--- Supplied data ---

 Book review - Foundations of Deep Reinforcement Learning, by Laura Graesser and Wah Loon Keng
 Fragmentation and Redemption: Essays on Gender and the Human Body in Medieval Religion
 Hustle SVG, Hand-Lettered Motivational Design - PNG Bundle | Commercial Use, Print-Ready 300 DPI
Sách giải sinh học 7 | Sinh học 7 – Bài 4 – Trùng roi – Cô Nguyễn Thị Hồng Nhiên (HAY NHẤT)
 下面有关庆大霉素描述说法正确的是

---
--- Supplied data ---

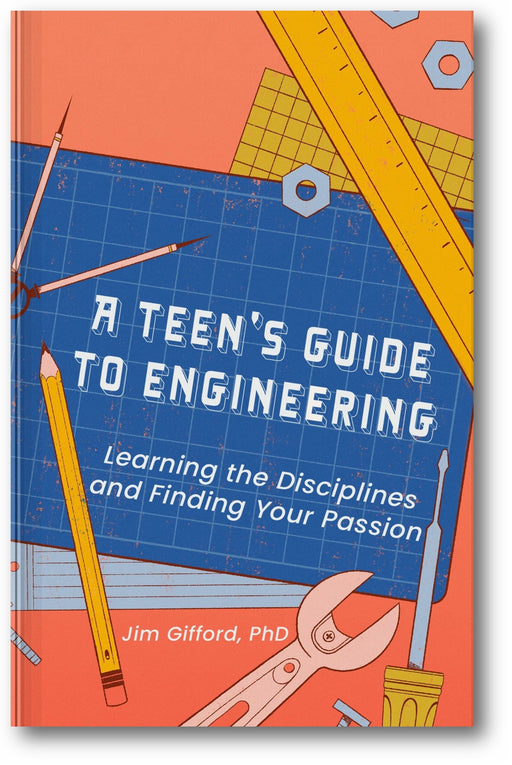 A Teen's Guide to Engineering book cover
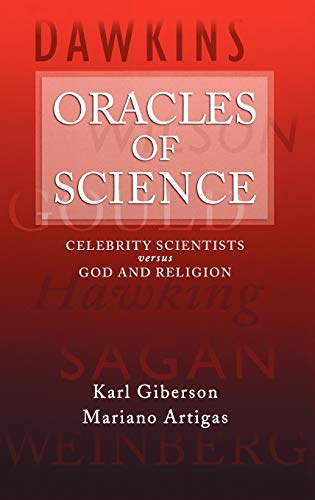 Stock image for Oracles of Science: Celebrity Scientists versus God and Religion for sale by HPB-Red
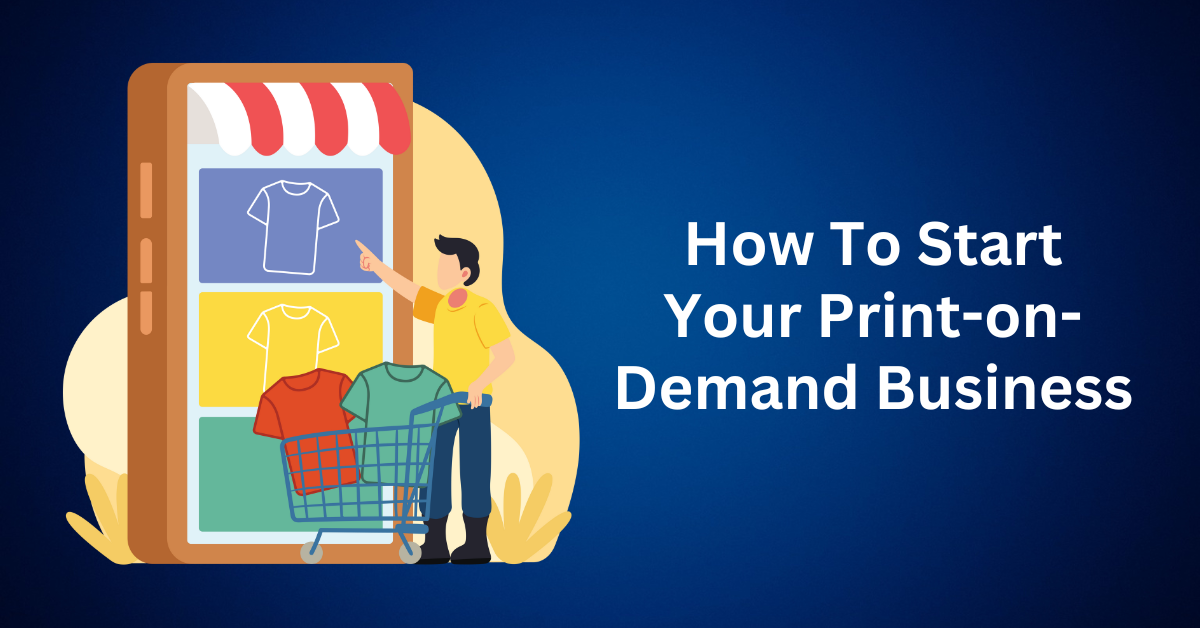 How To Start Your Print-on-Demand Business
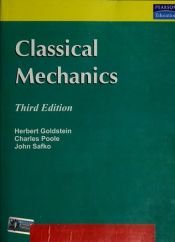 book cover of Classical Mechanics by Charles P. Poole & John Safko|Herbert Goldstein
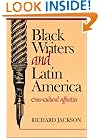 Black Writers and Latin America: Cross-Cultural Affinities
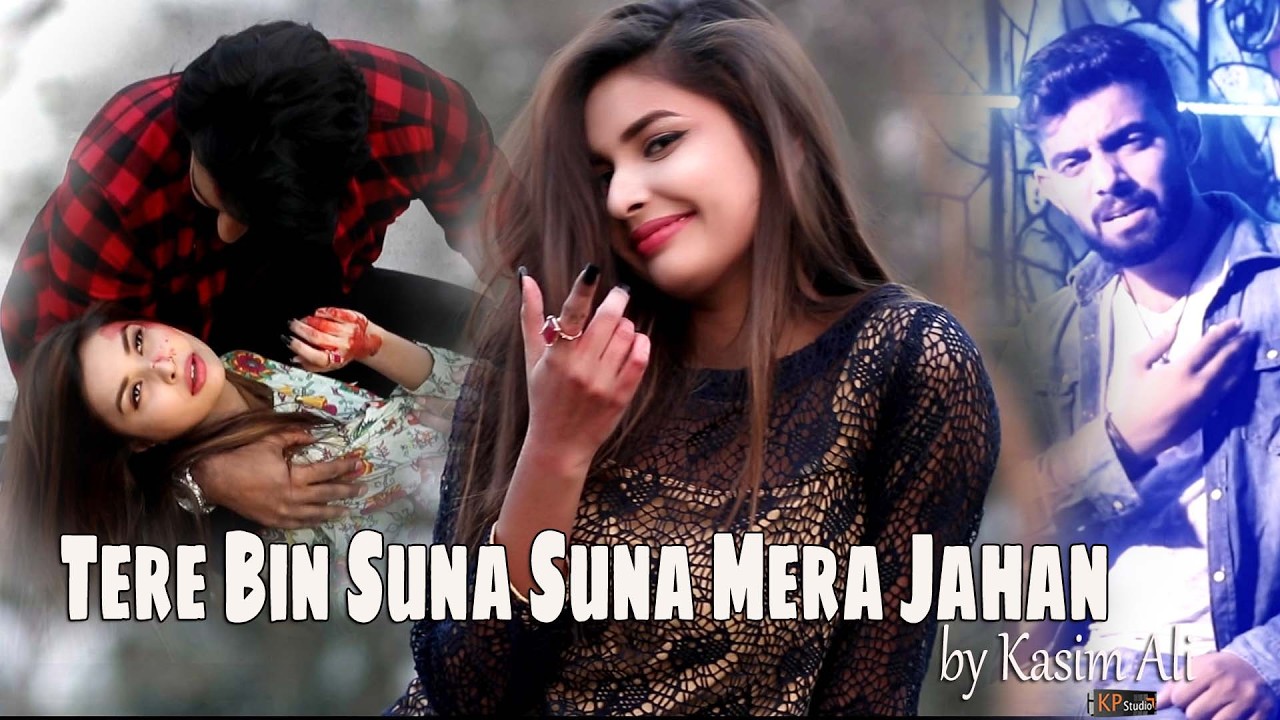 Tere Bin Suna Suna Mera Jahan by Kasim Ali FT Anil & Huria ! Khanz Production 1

---

## Exercise directions
Look in the material above for the line with "Book review - Foundations" and the line with "下面有关庆大霉素描述说法正确的是", and transcribe exactly those lines and all lines between them, nothing more.

## Output of the exercise
 Book review - Foundations of Deep Reinforcement Learning, by Laura Graesser and Wah Loon Keng
 Fragmentation and Redemption: Essays on Gender and the Human Body in Medieval Religion
 Hustle SVG, Hand-Lettered Motivational Design - PNG Bundle | Commercial Use, Print-Ready 300 DPI
Sách giải sinh học 7 | Sinh học 7 – Bài 4 – Trùng roi – Cô Nguyễn Thị Hồng Nhiên (HAY NHẤT)
 下面有关庆大霉素描述说法正确的是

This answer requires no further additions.